It would be natural to expect that the more severe the prerequisite restrictions, as reflected by the number of students who qualify to take a given target course, the fewer students would actually take it. In other words, one would expect to see the emergence of a straightforward linear relationship with nice correlation. The truth is a lot stranger. The scatter plot below summarizes five years of data.

Each dot is an individual course type taught during a semester. So all HIS-210’s for a semester are lumped together, for example. The vertical scale shows how many students during that semester met the requirements for that course, according to their transcripts (transfer courses were NOT included, which must be taken into account when drawing conclusions). The lines at the top are actually accumulations of dots that represent courses with no prerequisites, so all students qualified. The horizontal scale shows how many students actually took a course type (all sections within a semester being aggregated).

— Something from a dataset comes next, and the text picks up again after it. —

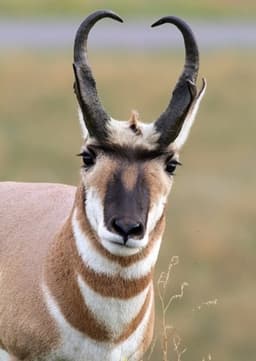 Pronghorn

The data has a correlation coefficient of .2, which means it isn’t particularly linear, an obvious conclusion one can draw from the picture. The conclusion that does force itself upon us, just from inspection, is that there are essentially two types of courses. Those with no prerequisites (top of the chart) and those with prerequisites (bottom of the chart). If we only consider the group at the bottom, we get a correlation coefficient of .4, which is a stronger indication of linearity than before, but still not very compelling (it would need to be near 1).

Since many prerequisites are of the AND type, one would expect demand to drop exponentially with each additional requirement, which is a strong hint that we should look at the graph with a log scale on the vertical axis.
Now we can clearly see the ‘funnel effect’ of restrictions on class entry. The relationship isn’t a simple linear one, where fewer restrictions equals more enrollment, but rather sets the upper limit on class enrollment statistically. It’s easy to see this boundary where the dots stop toward the right of the graph at each level.

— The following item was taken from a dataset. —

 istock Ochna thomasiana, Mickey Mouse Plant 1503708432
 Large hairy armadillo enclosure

Of course, there are many factors that determine why a student takes one course rather than another. One would guess that a main consideration is the student’s major. This is borne out in an analysis of class correlations. The chart below shows a matrix of correlations between classes taught over a ten year period. Courses are in alphabetical order, which has the advantage of grouping together ones from the same discipline.
A perfectly distributed curriculum, where every student was equally likely to take any given class, would give a perfectly uniform matrix. The ‘clumpiness’ visible above is evidence of a high degree of selectivity. The dot size, ranging from specks to balloons, is indicative of how strong the correlation is. The fact that most of the larger ones are distributed around the diagonal shows that students have a tendency to choose classes within the same discipline. General education classes or other popular classes will appear as horizontal and vertical streaks (correlation matrices are symmetrical). The main diagonal of the matrix has been omitted, because all it would show is relative class size for each class, and would obscure the relationships we’re looking for.

4. Conclusions

Prerequisites for classes create barriers to entry. The example in Exhibit 6 below shows a diagram of the prerequisites in Math and History.


The average number of prerequisites per course is 2.09 for Math and .95 for History.

Given the same number of majors, you could get by with fewer History classes per semester than Math classes. This depends also on actual requirements for the degree, of course, and not just on the information presented above.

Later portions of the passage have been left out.